PROBLEM STATEMENT - A word-for-word copy of the records that follow is needed, with every picture omitted.

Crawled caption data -
****

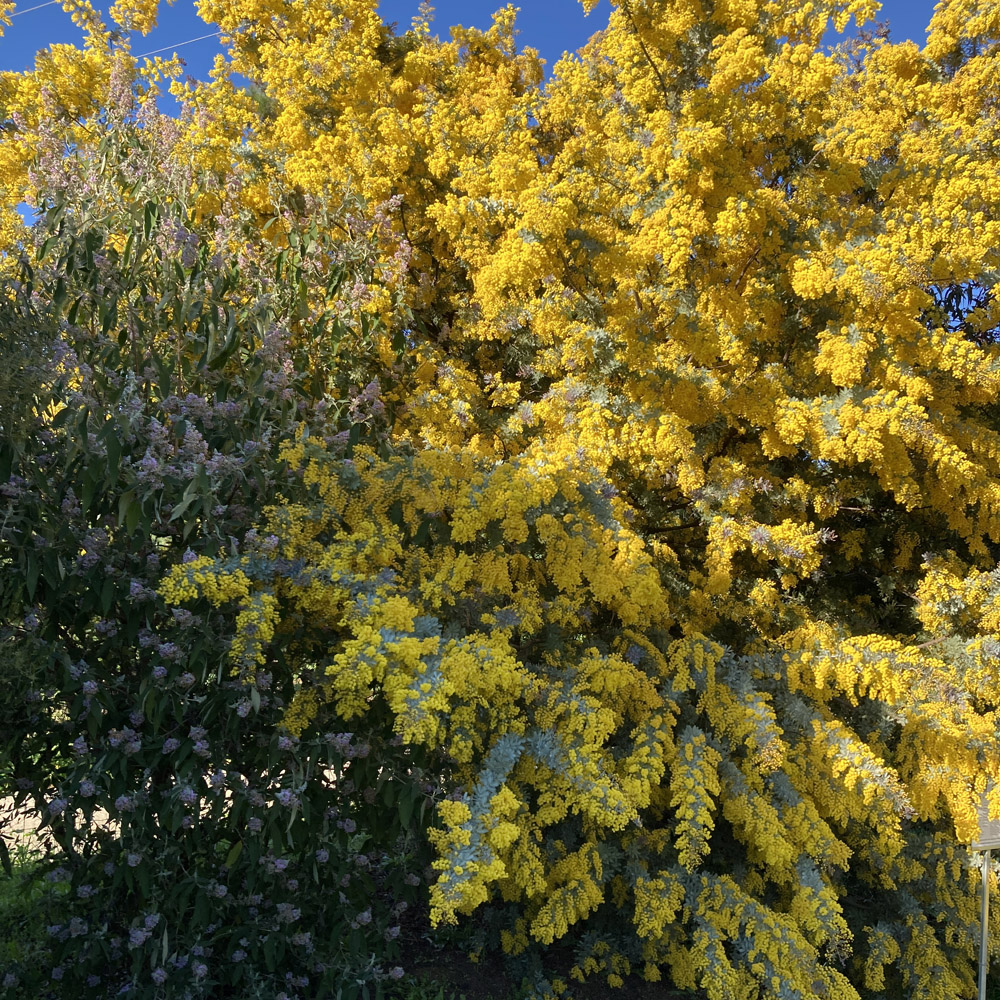 Acacia baileyana ‘Purpurea’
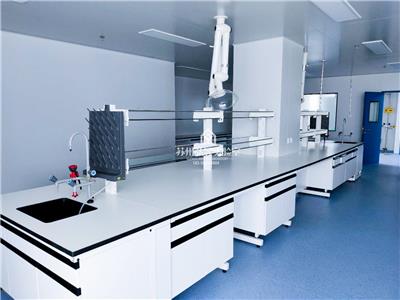 泰兴核酸检测实验台检测台生产厂家 化验医学研究工作边台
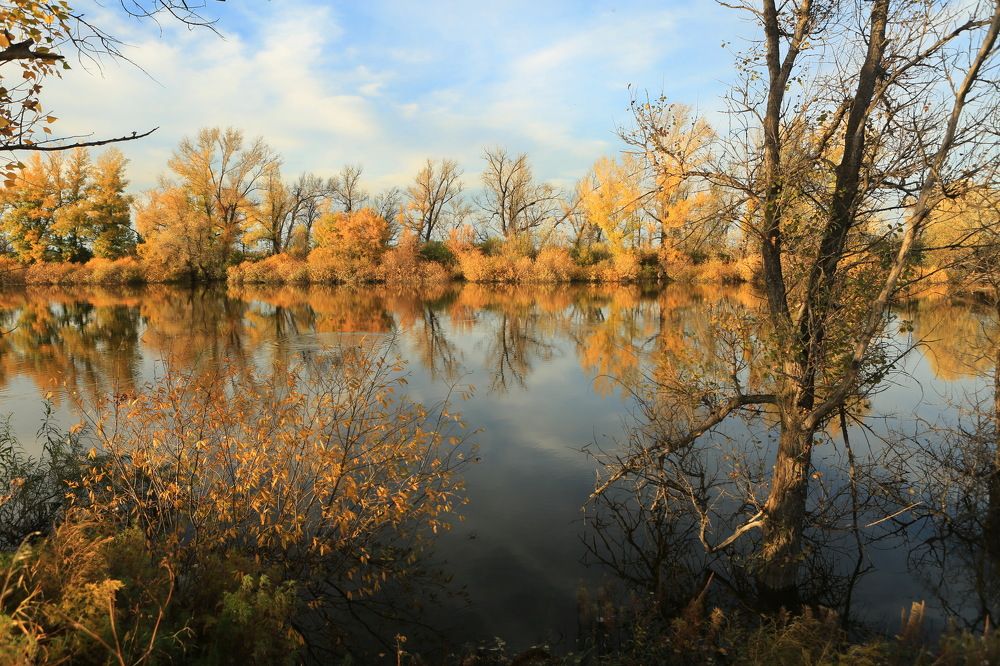 Photograph by Ирина Сушко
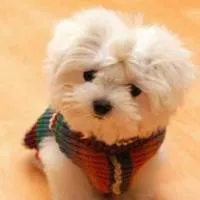 超级可爱萌宠qq头像第1张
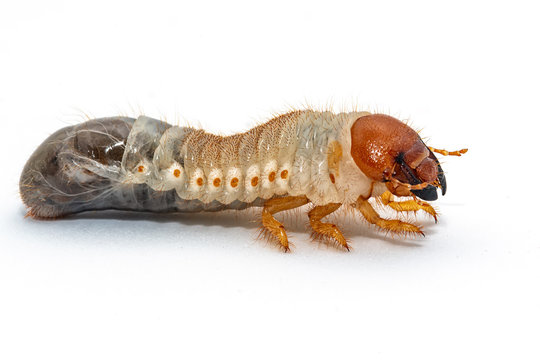 Image of grub worms, Coconut rhinoceros beetle (Oryctes rhinoceros), Larva on white background.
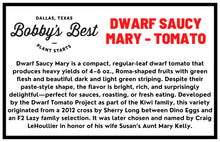 Load image into Gallery viewer, Dwarf Saucy Mary Tomato
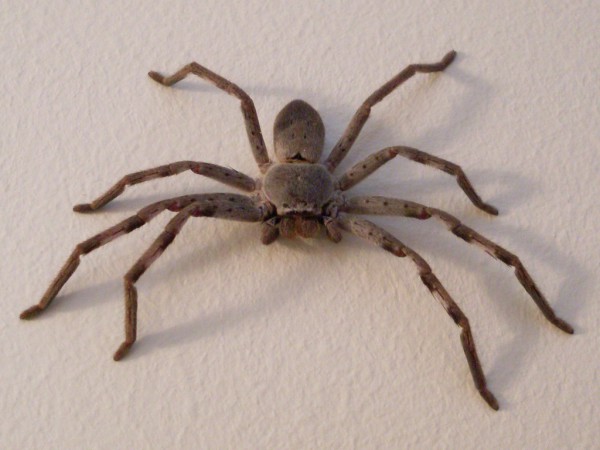 hntsmanspider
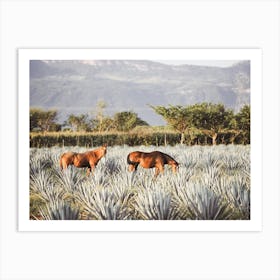 Agave Field Horses Art Print
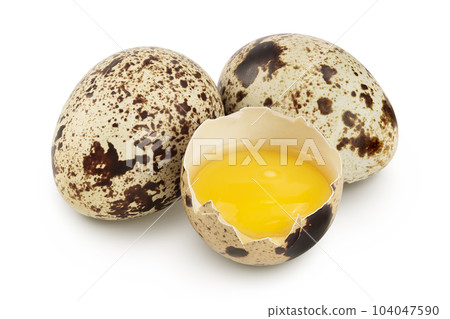Raw quail egg isolated on white background with full depth of field Raw quail egg isolated on white background with full depth of field 104047590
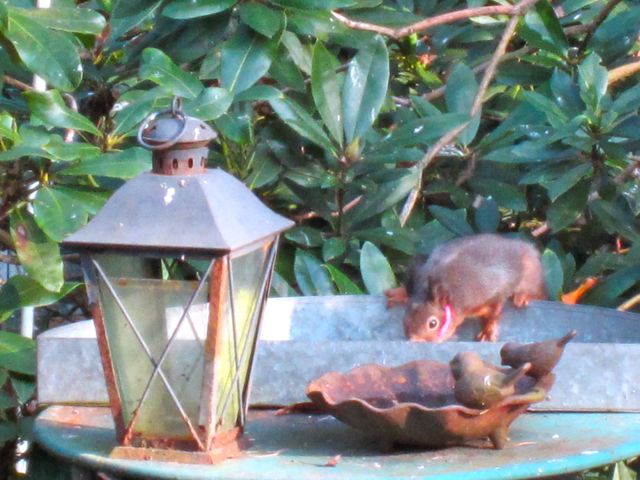 Verstrikte eekhoorn 0051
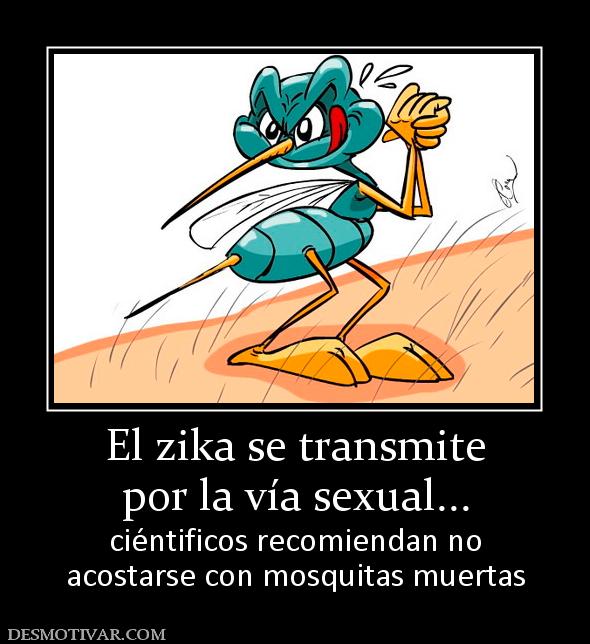 El zika se transmite por la vía sexual... ciéntificos recomiendan no acostarse con mosquitas muertas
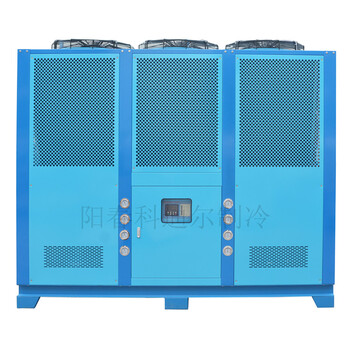 50匹恒溫風(fēng)冷式冷冰機(jī)按需定制工業(yè)冷水機(jī)機(jī)組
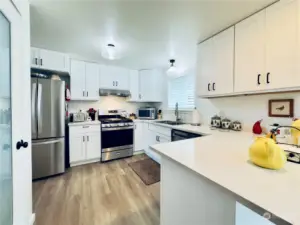 Kitchen with new appliances and a walk-in pantry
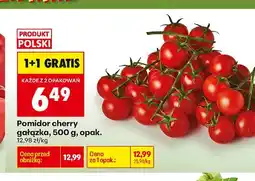Biedronka Pomidor cherry gałązka oferta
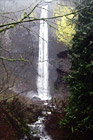 Latourell Falls, Bridge & Trees digital painting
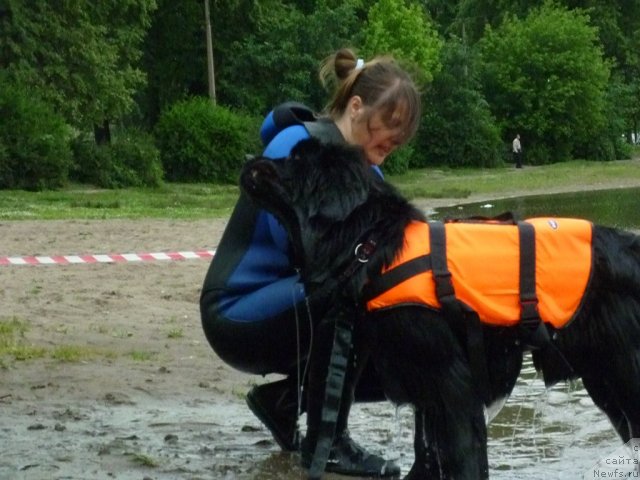 Фотография № 70838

****

OUTPUT FOR THIS TASK -
 Acacia baileyana ‘Purpurea’
 泰兴核酸检测实验台检测台生产厂家 化验医学研究工作边台
 Photograph by Ирина Сушко
 超级可爱萌宠qq头像第1张
 Image of grub worms, Coconut rhinoceros beetle (Oryctes rhinoceros), Larva on white background.
 Load image into Gallery viewer, Dwarf Saucy Mary Tomato
 hntsmanspider
 Agave Field Horses Art Print
Raw quail egg isolated on white background with full depth of field Raw quail egg isolated on white background with full depth of field 104047590
 Verstrikte eekhoorn 0051
 El zika se transmite por la vía sexual... ciéntificos recomiendan no acostarse con mosquitas muertas
 50匹恒溫風(fēng)冷式冷冰機(jī)按需定制工業(yè)冷水機(jī)機(jī)組
 Kitchen with new appliances and a walk-in pantry
Biedronka Pomidor cherry gałązka oferta
 Latourell Falls, Bridge & Trees digital painting
 Фотография № 70838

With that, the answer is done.